### Dataset content
Segment Open

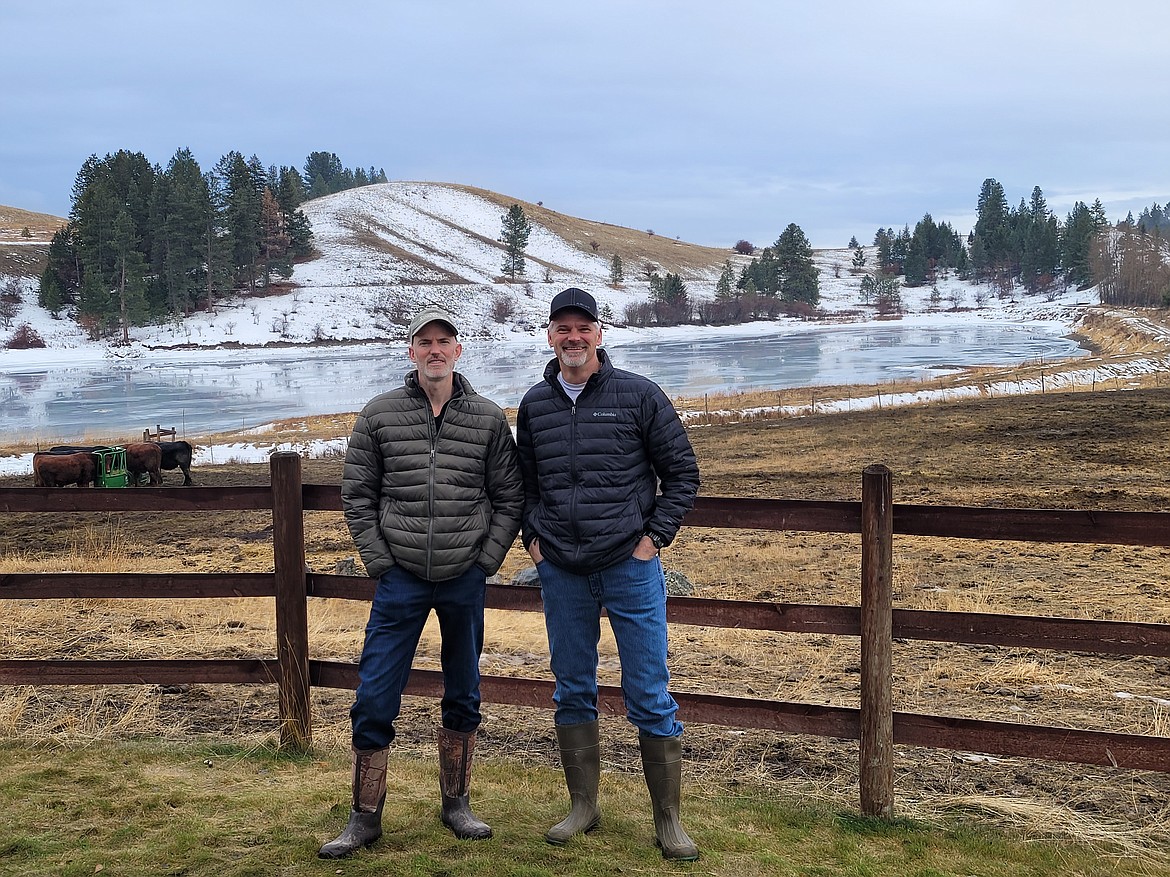 Brothers Eric and Mark Casazza (right) stand on Eric's ranch in Eureka, Montana. Mark has recently launched a trade school to train the next generation of building and agriculture teachers, something he feels is lacking in Montana public schools. (Photo courtesy of Mark Casazza)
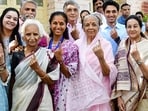 Pune, May 07 (ANI): Nationalist Congress Party (Sharadchandra Pawar) (NCP-SCP) candidate from Baramati seat Supriya Sule along with her mother Pratibha Pawar and other family members show their ink-marked fingers after casting their votes for the third phase of the Lok Sabha elections 2024, at Baramati in Pune on Tuesday. (ANI Photo) (Nitin Lawate)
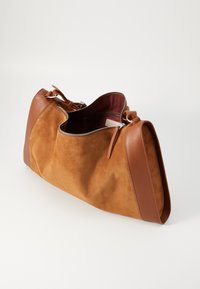 Grand sac fourre-tout en daim marron avec des accents en cuir, une fermeture éclair et une doublure intérieure bordeaux. Équipé de quincaillerie robuste et de poignées.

Segment Closed

### Work to be completed
Retype everything in the material word for word, minus pictures.

### Answer area
 Brothers Eric and Mark Casazza (right) stand on Eric's ranch in Eureka, Montana. Mark has recently launched a trade school to train the next generation of building and agriculture teachers, something he feels is lacking in Montana public schools. (Photo courtesy of Mark Casazza)
 Pune, May 07 (ANI): Nationalist Congress Party (Sharadchandra Pawar) (NCP-SCP) candidate from Baramati seat Supriya Sule along with her mother Pratibha Pawar and other family members show their ink-marked fingers after casting their votes for the third phase of the Lok Sabha elections 2024, at Baramati in Pune on Tuesday. (ANI Photo) (Nitin Lawate)
 Grand sac fourre-tout en daim marron avec des accents en cuir, une fermeture éclair et une doublure intérieure bordeaux. Équipé de quincaillerie robuste et de poignées.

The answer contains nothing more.